Nor is he the only one. Former endurance world champ and WSB racer Terry Rymer, also credits the
LC – this time the 250 version – for getting his race career going “In 1983 I went to Garozzo Motorcycles and bought a 250LC to go racing,” he told MCN. “I turned up at Brands to test with my dad’s mate’s race licence, had my finger over the picture and this old boy said ‘sign here’ and I was out on track. It was the best thing ever.” While on top of the 250 and 400cc cub racing production classes, where the 250 and 350LC reigned supreme, there was also the RDLC Pro-am series which spring-boarded names such as Rob Mcelnea and Alan Carter.
But if the LC was the perfect production racer, thanks mostly to a Tz-inspired pioneering liquid-cooled (and thus ultra-tunable) motor (see left), it was also the most alluring, magical and attainable street bike for a whole generation during British biking's peak years of the early-to-mid-’80s.
Conceived as replacements for the already hugely popular air-cooled RD250/400, the two LCS were simply inspired for a whole host of reasons. First, and probably most importantly, they were simply the fastest bikes of their classes – and back then these were vital classes. As fastest L-plate qualifying 250, the junior version was the most lusted after learner bike to a generation of 17-year-olds. As a 47bhp, 110mph 350, its bigger brother, meanwhile, was a true giant killer more than capable of embarrassing not just 550s but 750s and 1000s.
Second, the LCS, came with gamechanging tech and were the most advanced and futuristic bikes of their day. Liquid cooling and monoshock rear-ends maybe routine today; in 1980, against a backdrop of aircooled XS and GSS, they were revolutionary.
And thirdly, and perhaps best of all, as the LCS were conceived as European bikes, their development was led by Yamaha Europe, headed at the time by Brit Paul Butler (who’d later manage Kenny Roberts’ GP team). This is turn encouraged bold styling with the involvement of Brit designer John Mockett and a striking colour palette. Brash white was bold enough after years of metalflake motorbikes; black in place of chrome was plain brilliant; while even the clocks and Italic wheels were strokes of genius. The LC wasn’t just beautiful, it looked like nothing else. No wonder they were in demand.
That popularity led to a whole subculture: LC accessories and LC clobber spawned ‘LC Johnnies’ and LC gangs of mates. MCN reader Phil Langley was among them: “Along with two friends, I bought one of the first 250LCS in the country (with consecutive reg numbers, natch!) and passed my test on it. The following summer we rode them through the Alps to Italy. To this day, the ride to Grasse is my best ever.”
Simon Cherry was another: “I had a 350LC, white with blue stripes, Pro Am cockpit fairing and a bellypan. At the age of 18, I was a dog with a big tail.

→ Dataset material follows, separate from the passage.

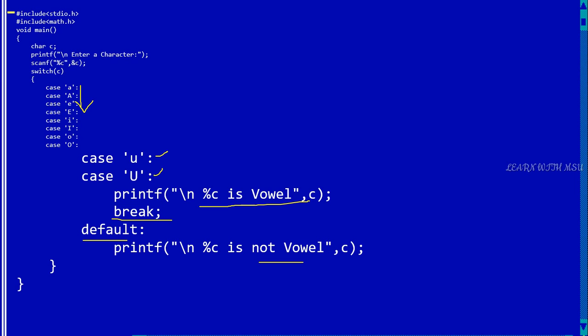From this case capital I, all the remaining cases will be executed until a break is occurred. So if a break is occurred, automatically it will be stopped. Either you can use an if statement or you can use a switch case statement to check if entered character is a vowel or not.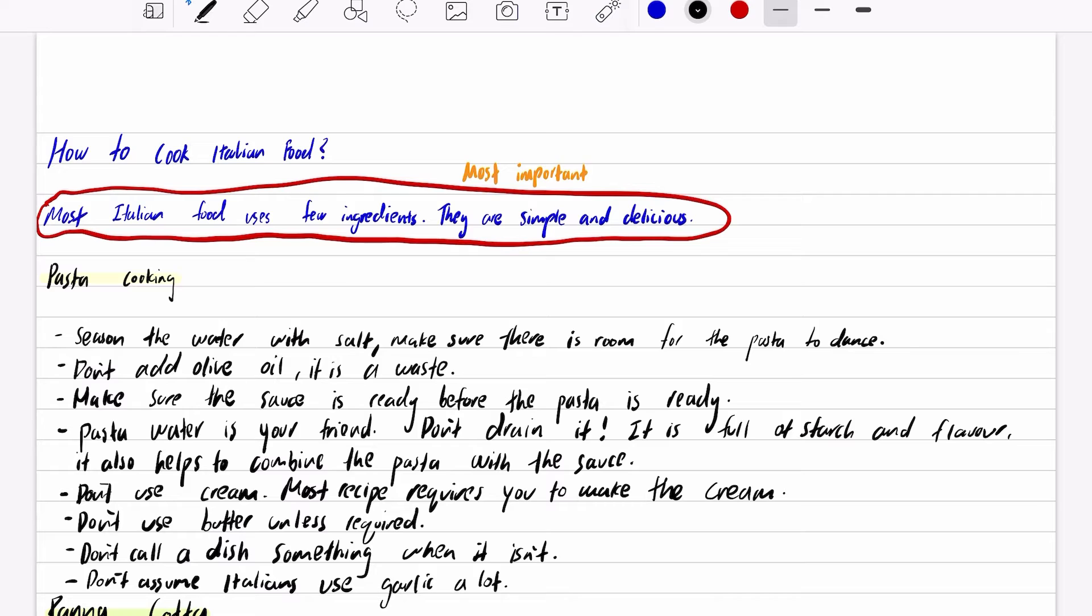When cooking pasta, season the water with salt. It gives flavor to your pasta. You are not actually eating the salt, it dissolves.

It went like a rocket, handled and embarrassed many a superbike on country roads. I wish I still owned it.”
Today, through the LC’S revived popularity as restored classics to that same generation now in their 40s and 50s, some of us still do. Mackenzie has a restored example, as does his former team-mate and now race commentator James Whitham (see below). So do many more. As Niall himself has said: “It’s the only bike in my whole life that I have seen once and known I had to own it.” The LC does that to you.